Le principal problème ? Le Grand Déplacement ne sait pas sur quel pied danser. À mi-chemin entre la satire politique, le buddy movie, le drame identitaire et la parodie spatiale, le film enchaîne les ruptures de ton sans jamais réussir à les harmoniser. D’un côté, des clins d’œil appuyés à Star Wars ou Interstellar ; de l’autre, une volonté plus grave de parler de panafricanisme, de mémoire, de survie.

Zadi semble lui-même perdu dans ce grand écart. Son personnage, Pierre Blé, aurait pu être fascinant : un Français d’origine ivoirienne, coupé de ses racines, presque “blanchi” culturellement, confronté à une Afrique qu’il ne connaît pas. Mais à l’écran, il enchaîne les blagues gênantes, souvent mal calibrées, jusqu’à devenir franchement antipathique. L’humour, si percutant dans Tout simplement noir, tombe ici bien trop souvent à plat.

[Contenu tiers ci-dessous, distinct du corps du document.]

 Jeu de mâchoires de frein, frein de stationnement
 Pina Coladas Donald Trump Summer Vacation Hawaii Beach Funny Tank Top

Une direction artistique en décalage

Tourné entre la Côte d’Ivoire et les studios de Bry-sur-Marne, le film offre malgré tout quelques beaux moments de cinéma. Certains plans sont inspirés, et la musique, signée Guillaume Roussel, étonne par son ampleur : envolées orchestrales façon John Williams, nappes nostalgiques et tonalités épiques, presque trop ambitieuses pour un film qui peine à garder son cap.

Autre paradoxe : les meilleurs rôles ne sont pas tenus par Zadi. La chanteuse Lous and the Yakuza, impeccable, et Fadily Camara, touchante, portent le film dès qu’elles apparaissent.

Claudia Tagbo surprend dans un rôle plus grave, prête à tout pour garantir un avenir aux siens. On regrette d’autant plus que leurs arcs narratifs soient noyés dans un montage confus, parfois désordonné. Et malgré sa durée relativement courte (1h30), le film paraît long, comme s’il ne savait jamais vraiment où aller.

De bonnes intentions… mais une mauvaise exécution

Il faut reconnaître une chose à Jean-Pascal Zadi : il ose. Il veut offrir à l’Afrique une place dans les récits futuristes. Il veut briser l’imaginaire occidental où seuls les Blancs colonisent l’espace. Il veut rappeler que “l’Afrique, c’est maintenant”. Mais encore faut-il trouver le ton juste. Et ici, ce grand déplacement finit par tourner à vide.

Après la réussite d’Indomptables de Thomas Ngijol – qu’on avait déjà critiqué iciLe Grand Déplacement peine à suivre la trajectoire ambitieuse du nouveau cinéma africain-français. Zadi a voulu parler de tout – et trop à la fois. Résultat : un film schizophrène, parfois drôle, parfois émouvant, mais jamais vraiment convaincant.

On attend désormais la saison 3 de En Place pour se réconcilier avec son univers.